Money Mistakes To Avoid In Your 20s

Updated: Aug 13


As older Gen-Z and young millennials navigating a fiscally complex world (we're talking about you, gas prices and NFTs!) the world of finance can seem daunting.


Sure, we want to “live our best lives” now but there's also the urge to be responsible with our earnings.


The good news is we have a blueprint on what NOT to do based on the experiences of older generations. And sure, times are different but there are a few things that stay the same. By avoiding these financial mistakes that are typical for most 20-year-olds you can begin to build the foundation for long-term financial stability.



Avoid Selling Property



Generational wealth is a hot topic. But many don’t realize they’re sleeping on a gold mine. Though this may not apply to everyone, consider this advice if you fall into this category.


Some children will inherit land after their parents pass away. It may not be a large property in terms of acres but please know, land of any size is gold!

Land is one of the few assets which appreciate in value! Many persons make the mistake of selling land when they fall on hard times or put it up for collateral for investments they aren’t sure about.


Whatever you do, do not sell your land.

I can assure you that a wealthy person will attempt to undervalue your property and buy it for a fraction of what it’s really worth.

Resist this temptation.

When you or your offspring are in a better financial place, your land can be used to create sustainable and profitable income properties. Duplexes are a great way to continue living on your land mortgage-free! But, duplexes and income properties are a whole other topic for another post.

Other assets that do not lose value or are slow to depreciate are gold jewelry and art. Also, if you have an old typewriter or rotary dial telephone, do not sell or discard them. Twenty years from now, they can be auctioned off for thousands of dollars. Old chinaware and pottery, as well as coal pots, also fall into this category. A good rule of thumb, if you cannot find it anywhere else online, DO NOT SELL!


Investments… For Beginners

No matter how small, investments you make now will pay off in the long run. You’re a far cry away from retirement. Time is literally on your side.


Though the yield is slow, speak to a bank representative about CD’s. A CD is a savings account that yields higher interest rates than your typical savings account. However, you must leave the deposit alone for a substantial period without withdrawals.

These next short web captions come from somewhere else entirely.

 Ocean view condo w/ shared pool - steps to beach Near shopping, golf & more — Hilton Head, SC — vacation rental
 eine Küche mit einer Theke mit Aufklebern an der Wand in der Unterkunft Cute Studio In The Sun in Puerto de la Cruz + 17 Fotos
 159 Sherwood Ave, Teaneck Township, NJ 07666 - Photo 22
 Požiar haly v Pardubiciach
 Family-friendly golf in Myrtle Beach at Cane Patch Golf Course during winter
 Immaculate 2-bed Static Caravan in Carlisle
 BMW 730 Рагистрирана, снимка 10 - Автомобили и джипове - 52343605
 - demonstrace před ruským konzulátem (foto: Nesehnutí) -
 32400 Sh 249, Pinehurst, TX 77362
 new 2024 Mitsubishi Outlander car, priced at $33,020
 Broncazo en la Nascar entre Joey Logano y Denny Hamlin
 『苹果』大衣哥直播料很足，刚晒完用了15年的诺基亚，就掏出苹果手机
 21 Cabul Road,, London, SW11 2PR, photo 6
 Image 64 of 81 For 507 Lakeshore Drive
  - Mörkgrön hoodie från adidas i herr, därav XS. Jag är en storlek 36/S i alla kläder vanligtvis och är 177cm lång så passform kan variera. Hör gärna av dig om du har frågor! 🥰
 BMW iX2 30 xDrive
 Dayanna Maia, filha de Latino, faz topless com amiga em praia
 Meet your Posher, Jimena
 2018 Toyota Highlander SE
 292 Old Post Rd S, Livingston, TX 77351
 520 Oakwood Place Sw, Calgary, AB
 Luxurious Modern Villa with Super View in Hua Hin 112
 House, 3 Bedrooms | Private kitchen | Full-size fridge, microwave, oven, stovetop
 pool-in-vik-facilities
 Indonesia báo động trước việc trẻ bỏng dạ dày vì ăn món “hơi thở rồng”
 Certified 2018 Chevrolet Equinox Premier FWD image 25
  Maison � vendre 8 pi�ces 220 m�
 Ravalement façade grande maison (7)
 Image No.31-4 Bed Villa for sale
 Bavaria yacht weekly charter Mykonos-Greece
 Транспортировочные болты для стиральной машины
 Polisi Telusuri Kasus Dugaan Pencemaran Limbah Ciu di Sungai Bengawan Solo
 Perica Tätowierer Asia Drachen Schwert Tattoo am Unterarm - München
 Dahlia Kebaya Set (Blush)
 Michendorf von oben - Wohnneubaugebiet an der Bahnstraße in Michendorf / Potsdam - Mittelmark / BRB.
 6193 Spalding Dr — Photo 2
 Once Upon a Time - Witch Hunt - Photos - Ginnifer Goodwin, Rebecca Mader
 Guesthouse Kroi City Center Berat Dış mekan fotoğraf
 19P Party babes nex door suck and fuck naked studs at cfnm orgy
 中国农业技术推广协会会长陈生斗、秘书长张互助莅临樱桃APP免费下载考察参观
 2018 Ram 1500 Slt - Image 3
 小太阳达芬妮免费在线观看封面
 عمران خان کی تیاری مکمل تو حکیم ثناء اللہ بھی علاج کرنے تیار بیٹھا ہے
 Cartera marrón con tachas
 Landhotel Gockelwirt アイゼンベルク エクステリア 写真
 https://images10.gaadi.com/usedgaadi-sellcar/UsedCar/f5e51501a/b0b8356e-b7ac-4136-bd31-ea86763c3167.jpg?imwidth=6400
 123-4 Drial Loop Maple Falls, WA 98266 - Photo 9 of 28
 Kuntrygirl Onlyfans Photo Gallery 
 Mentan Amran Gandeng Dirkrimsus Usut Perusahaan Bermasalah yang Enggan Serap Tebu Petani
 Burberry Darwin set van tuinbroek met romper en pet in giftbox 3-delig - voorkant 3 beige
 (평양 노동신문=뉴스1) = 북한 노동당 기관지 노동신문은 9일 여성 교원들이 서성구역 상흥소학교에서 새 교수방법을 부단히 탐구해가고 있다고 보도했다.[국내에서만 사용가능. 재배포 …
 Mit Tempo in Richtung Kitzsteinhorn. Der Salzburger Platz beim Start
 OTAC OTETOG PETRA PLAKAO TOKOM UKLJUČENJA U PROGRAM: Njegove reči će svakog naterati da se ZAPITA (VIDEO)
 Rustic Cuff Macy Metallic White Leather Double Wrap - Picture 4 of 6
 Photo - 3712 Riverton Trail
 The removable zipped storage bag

This is a good way to get your foot in the door for investments. Some other ways to begin investing is through apps such as WeBull and Acorns. Once you’re comfortable with these, you can start looking into more profitable means of growing cash.


NB These are investment options for beginners. There are more profitable (and riskier) ways to invest.


High-Interest Credit Cards

No matter how tempting, high-interest credit cards ALWAYS end up hindering your financial journey. So, avoid them at all costs. That’s it. No fancy language or witty explanations. Just don’t do it.

But if you did bite the bullet, just remember, slow and steady wins the race.

Halt all automatic purchases on your card and commit to paying a little over the minimum payment each month.




Getting Caught Up In Not Having A Savings

I know, I know. We’re frequently taught how important having a savings is. Yet, many millennials do not have 10% of their salary, or 6 months worth of income saved up to assist them when times get tough.


However, do not make the mistake of losing sleep over the lack of a savings balance. The truth is, many persons are not in a position to save what is required. Persons who write blogs on savings take for granted that people are doing what they can with what they have. Not every one is honest about their financial situation.


It’s important to be gentle with yourself. Do not focus on the amount you are saving, focus on consistently saving what you can. That may be 3% to 5% of your income, and for many persons, that really isn’t much. But, rest assured, you’ll eventually get a handle on your income and expenses by employing side hustles and minimizing debt and expenses. When you do, you will be able to save a substantial amount.


For now, the goal is to get into the habit of treating your savings just like taxes or tithe. That way, when you do have a better financial footing, saving will come naturally to you.


Not Having A Budget



Budgets sound scary, I know. They don’t have to be. Open up a simple excel sheet. Type in your gross income. Under your gross income, type in your expenses from highest to lowest. Total your expenses. Subtract the total expenses from the income then, voila. You’ve just created a simple budget.


NB Take it a step further by leaving the money for your expenses in a separate bank than your savings account. Yup, it makes a difference!


I know some may have more complex budgets, but if you’re a newbie to money management, all you need is a visual idea of what you have, and what you don’t have. This sets the foundation for more complex money tasks like taxes, investing and savings.


I hope this article proves helpful to some 20-something-year-old out there. Adulting is hard! But guess what? You GOT this!